* **WHAT THE EXERCISE ASKS**: Verbatim output of the lines below is required, with the images omitted.

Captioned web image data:
* * *

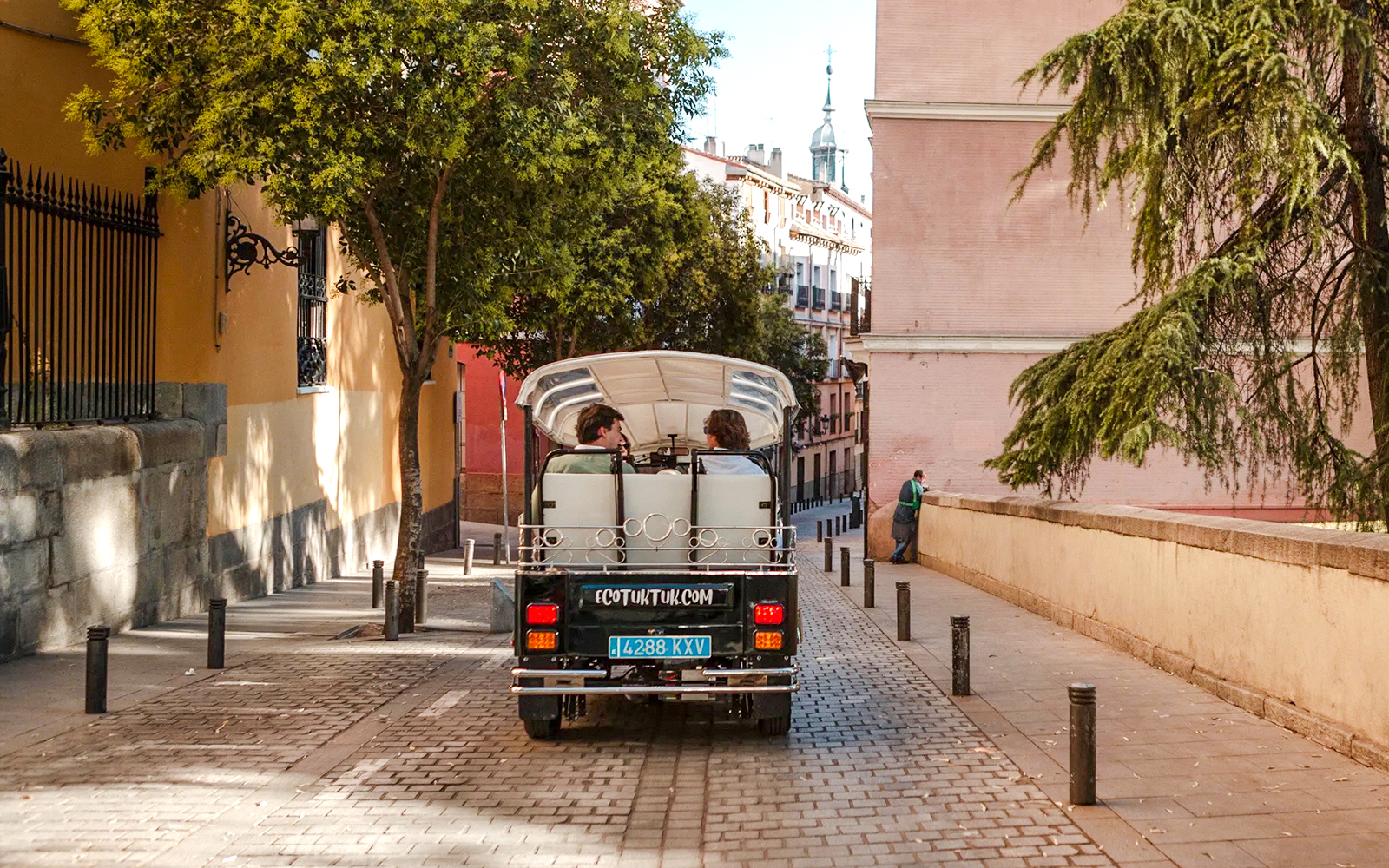 Electric tuk-tuk on a cobblestone street in Madrid, Spain.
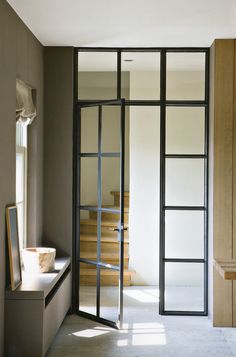 an empty hallway leading to a staircase with glass doors on both sides and a mirror in the middle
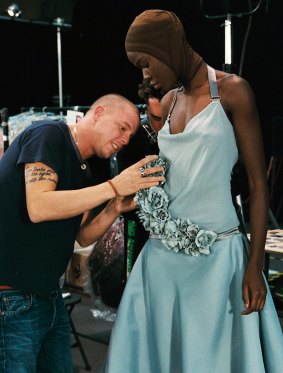 Alexander McQueen adjusts a model's dress in the documentary <i>McQueen</i>.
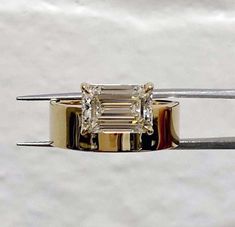 a diamond ring is being held by a pair of tongs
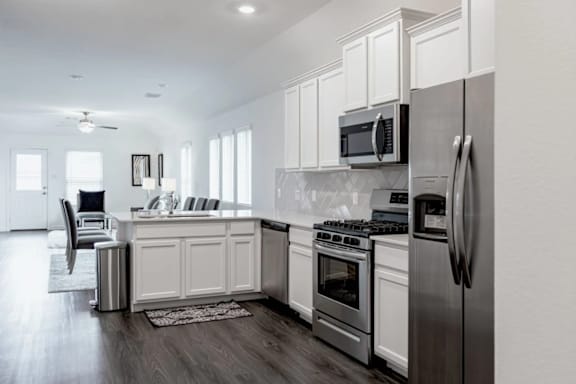 A modern kitchen with stainless steel appliances and white cabinets.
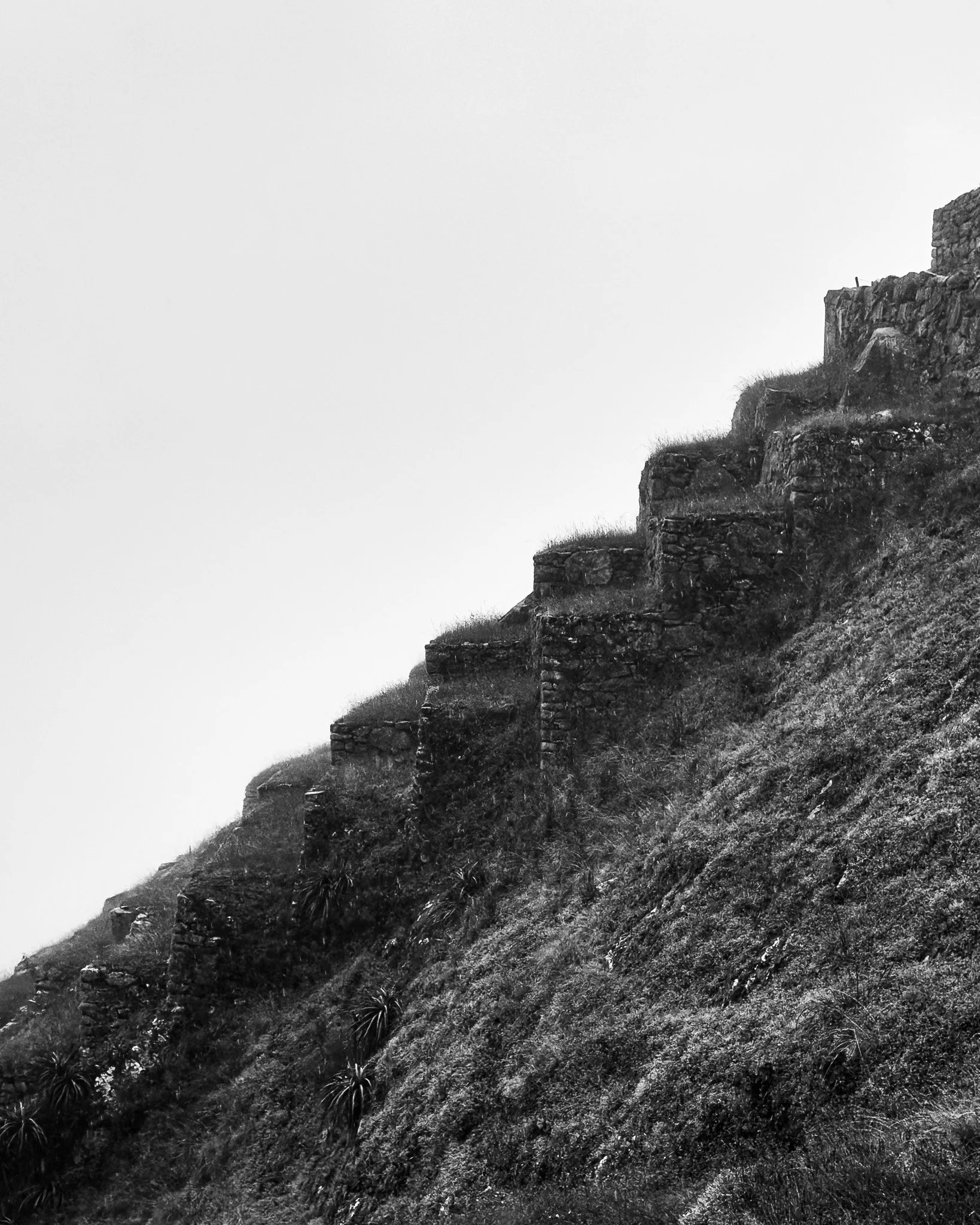 Black and white photo of ancient stone steps built into a steep hillside or mountain.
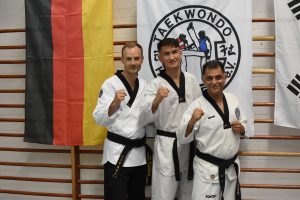 Drei Taekwondo-Meister in Doboks posieren mit erhobener Faust vor deutschen und koreanischen Flaggen.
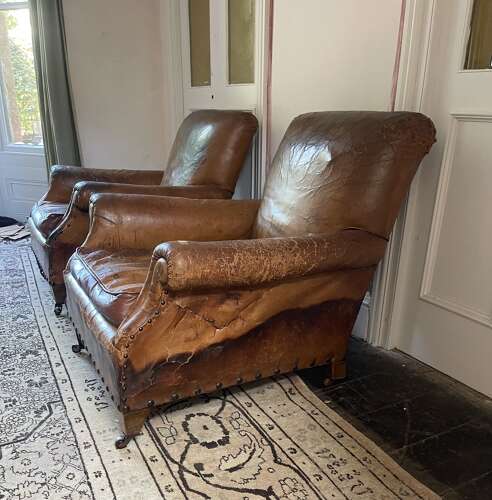 A pair of Edwardian leather club chairs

* * *

* **REPLY TO THE TASK**:
 Electric tuk-tuk on a cobblestone street in Madrid, Spain.
 an empty hallway leading to a staircase with glass doors on both sides and a mirror in the middle
 Alexander McQueen adjusts a model's dress in the documentary <i>McQueen</i>.
 a diamond ring is being held by a pair of tongs
 A modern kitchen with stainless steel appliances and white cabinets.
 Black and white photo of ancient stone steps built into a steep hillside or mountain.
 Drei Taekwondo-Meister in Doboks posieren mit erhobener Faust vor deutschen und koreanischen Flaggen.
 A pair of Edwardian leather club chairs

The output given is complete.